Here's my take on it. I'm saying this with a huge neon sign behind me that's flashing: *GENERALLY SPEAKING.*
Hybrid bikes are geared more toward short distances and comfort. Rides of 25 miles or less at leisurely speeds are their forte'. They have wider seats, larger, softer tires, and a more comfortable reach to the bars. You sit more upright on them and that's a more natural position for many people.

Road bikes are designed to cover long distances at faster speeds. Smaller tires, a more streamlined position, faster or "twitchier" handling than hybrids is the norm. The saddles are smaller & harder because if they were wide like hybrids they'd chafe the hell out of your inner thighs on long rides. The seats are harder because on longer rides seats that have foam padding will just kill you. After awhile your butt will sink the padding leaving you seated on what is probably a metal surface. The sitting surface on road seats will flex & bend to conform to your body.

It's for these reasons that new riders are often uncomfortable on road bikes. If I always used my bike to ride to the park & back or on the bike path with my wife, I'd never own a road bike. They're uncomfortable when used like that. Think about having a Ferrari as your only car. Might be fun at 1st, but I'd bet it would be pretty uncomfortable if you had to use it for running errands to the library or the grocery store. 
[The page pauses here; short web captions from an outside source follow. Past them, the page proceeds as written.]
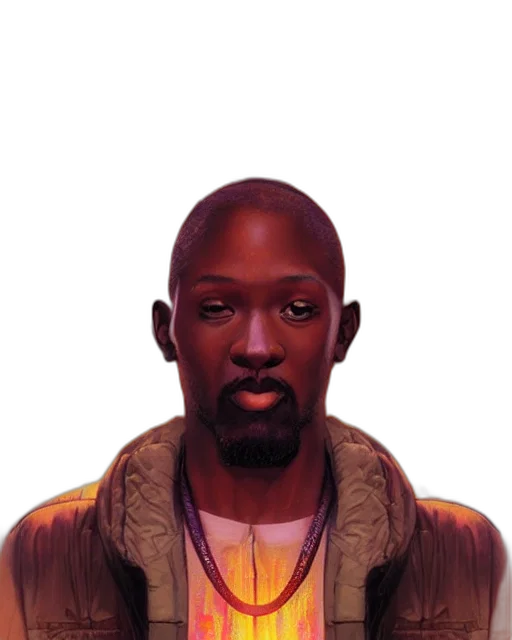 face, staff, jacket, animal, photorealistic, concept art, 3d render, pixel art transparent PNG cut-out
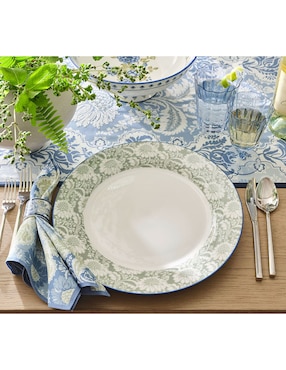 Plato de servicio Kravet Solaria de cerámica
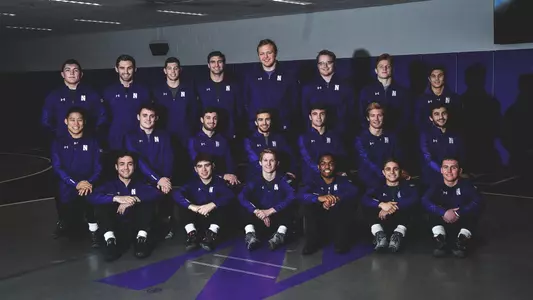 Wrestling Team Photo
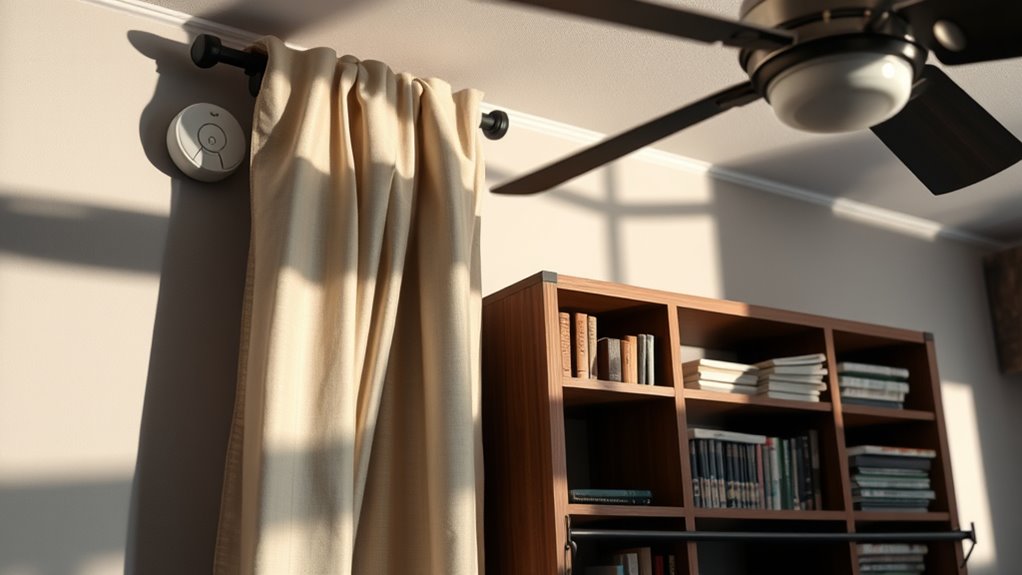 ensure clear airflow path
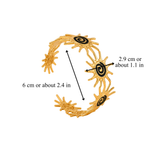 SUNBURST SPIRAL CUFF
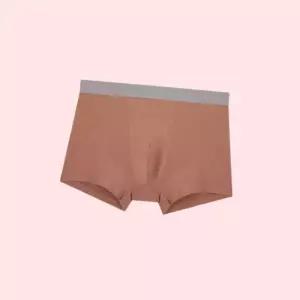 자주 JAJU 남 120수 모달 노라인 팬티 드로즈 브리프 속옷 언더웨어 브릭 2412323343 4434250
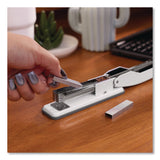 Swingline® Cub Compact Metal Stapler, 20 Sheet Capacity, Arctic White (SWI1067) Each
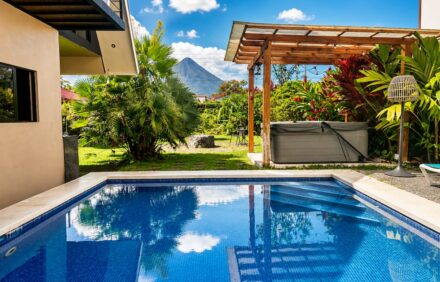 Volcano View House | Arenal Views, Private Pool & Hot Tub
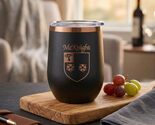 McKnight Irish Coat of Arms Stemless Wine Travel Tumbler - $27.44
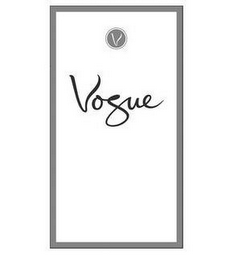 V VOGUE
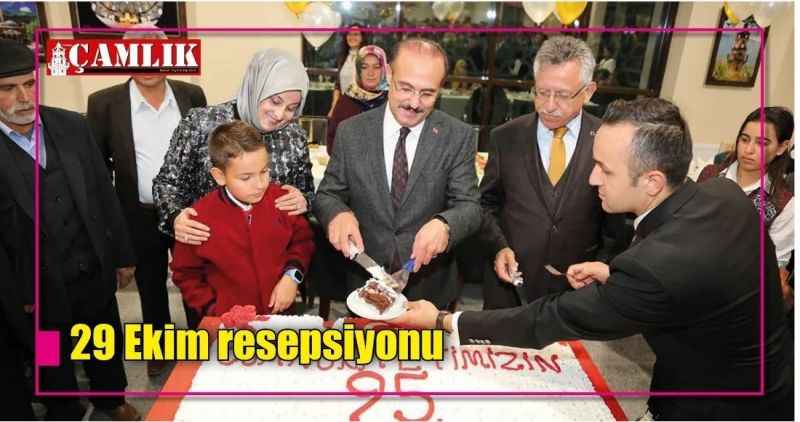 29 Ekim resepsiyonu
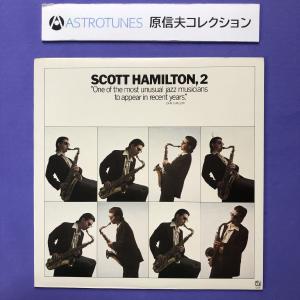 原信夫Collection 良盤 1978年 米国オリジナルリリース盤 スコット・ハミルトン Scott Hamilton, 2  LPレコード Monty Budwig,Cal Collins｜astrotunes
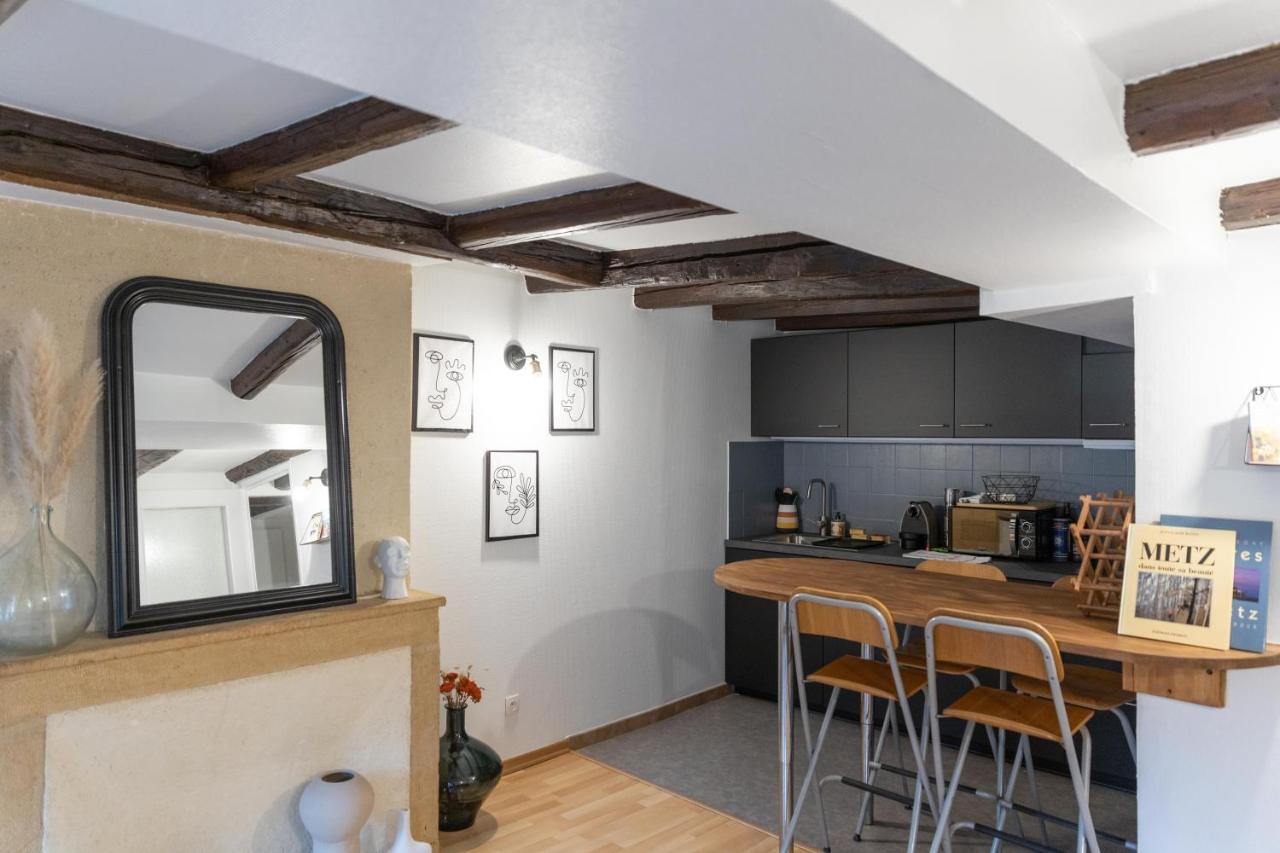 Le Chateau Taison Au Coeur Du Centre Ville Metz Bagian luar foto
Comfort is a subjective judgment. There are road bikes slanted to wards touring, carrying loads, etc. And some bikes are almost strictly race bikes and, of course, some are made for sport and general use. For riding around 10-15 miles or less at a leisurely pace the hybrid is probably your best choice. Long distances or 25+ miles you're probably better off with some kind of road bike. I hope this answers some of your questions.


----------



## Optimus (Jun 18, 2010)

Got some good advice here, so let me put in my 2 cents. This worked for me, so it's my opinion, maybe not work for you and/or others. Anyhow, many say a hybrid is not comfortable on longer rides, I find that to be not true. I've used my hybrid on much longer rides, 60-70 miles multiple times, and I find it extremely comfortable! I know that it may not give you the optimal speed, but as for comfort, it's quite relaxing!


----------



## AndrwSwitch (May 28, 2009)

I think unless you add some restrictive caveats to a definition of "road bike," they can be as comfortable as hybrids for short rides too. For the sake of having a definition that's at least usable, I'm going to say that I think a road bike has drop bars and no suspension, and it's not a recumbent, semi-recumbent, or crank-forward design.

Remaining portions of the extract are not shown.